I fell asleep last night at 8:00 pm. I was exhausted from the drama and drained from all the blood loss. I woke up while it was still dark and had too much time to think. It was followed by too many tears. I didn't take any time off work because I wanted a distraction from the continuous loop replaying the horrors of the event. I went to work yesterday. I went again today. When it got overwhelming and I couldn't hold back the tears anymore I went home at lunch for cry breaks.

I haven't really eaten in two days. Today it was coffee in the morning, tangerine at some point during the day, then leftovers for dinner.

I'm so, so sad. Not only because of the loss, but also because of the fear. The anxiety that this will never end. The worry that we may not get to have a family. The panic that we may spend years of our life trying for something that's not in the cards for us to have.
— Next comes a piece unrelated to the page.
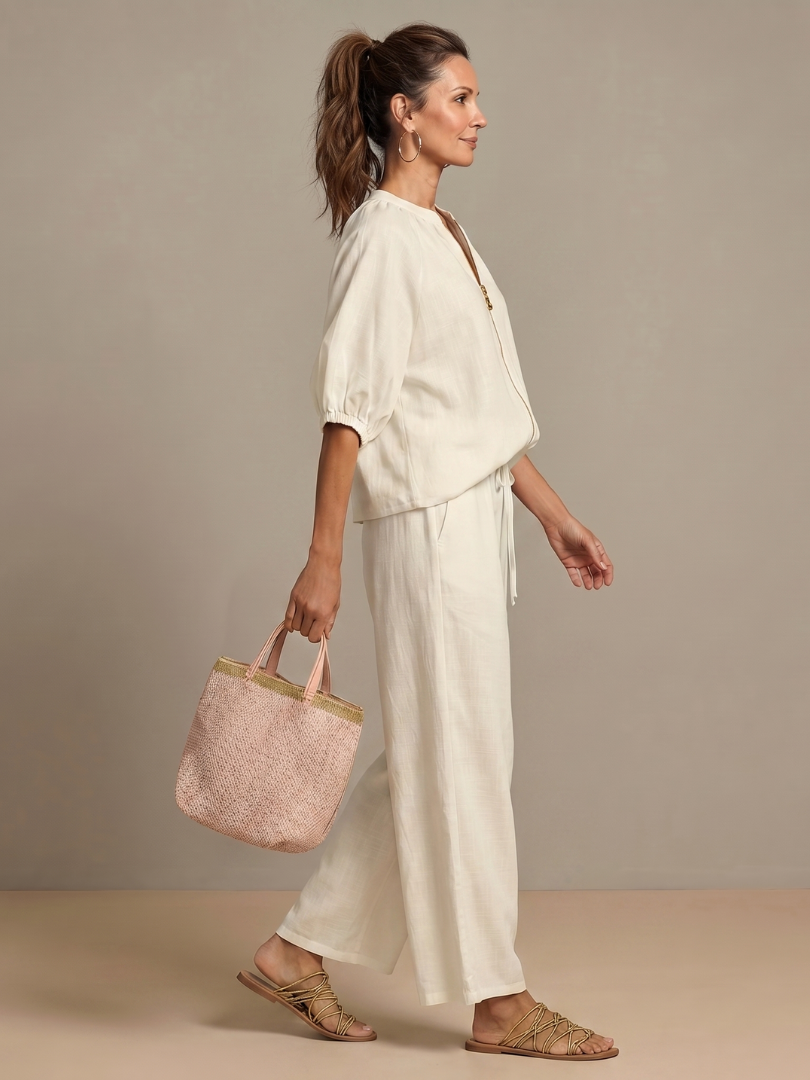 Natalia | Blouse with Zipper and Wide Leg Pants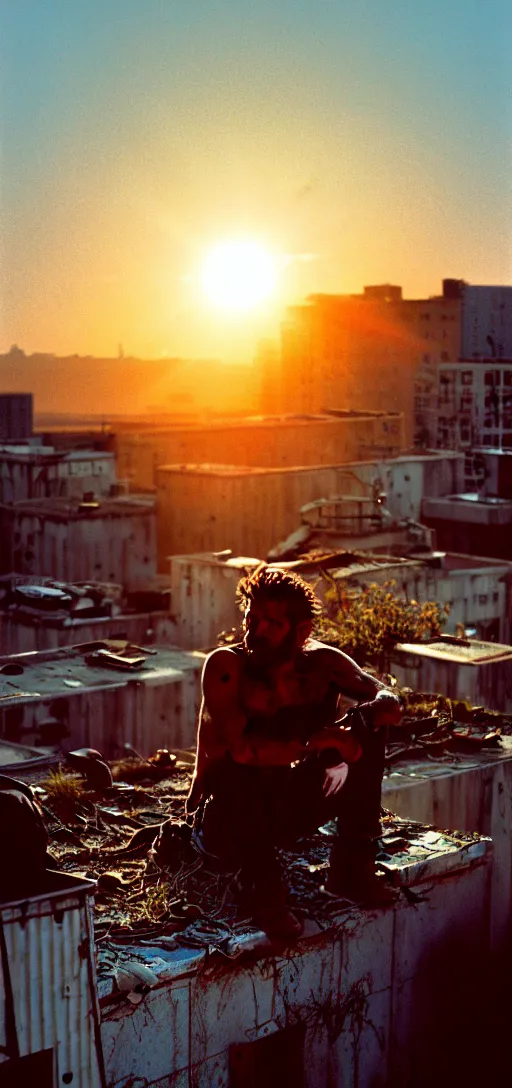 Image similar to Portrait of a tired battle-worn rugged post-apocalypse survivor staring contemplatively into the sunset from an abandoned overgrown rooftop terrace. A crow perched above stares at the sun, as well. Masterpiece. Photo taken with Kodak Professional Pro Image 100 35mm film.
First day of spring is on Tuesday. It holds no specific symbolism for me, but it's a good a day as any to turn a new leaf. I've decided to let myself wallow and be miserable until then. If I enjoyed alcohol, I'd be so sloshed right now. But I don't and nothing helps numb the heartache. Pesach is around the corner and as much as I don't want to think about it, it's still happening and I need to snap out of zombie-hood. But not yet. For now, I wallow and let the pain flow through.

2 comments:

  1. I'm so so sorry. So many *hugs*
    And don't even think about fatiguing your support network! They're there for you and happy to be.

    ReplyDelete
  2. I don't know where you live. You have my email and if you live in the NY area you are welcome at my crazy-ass seder. I am so sorry.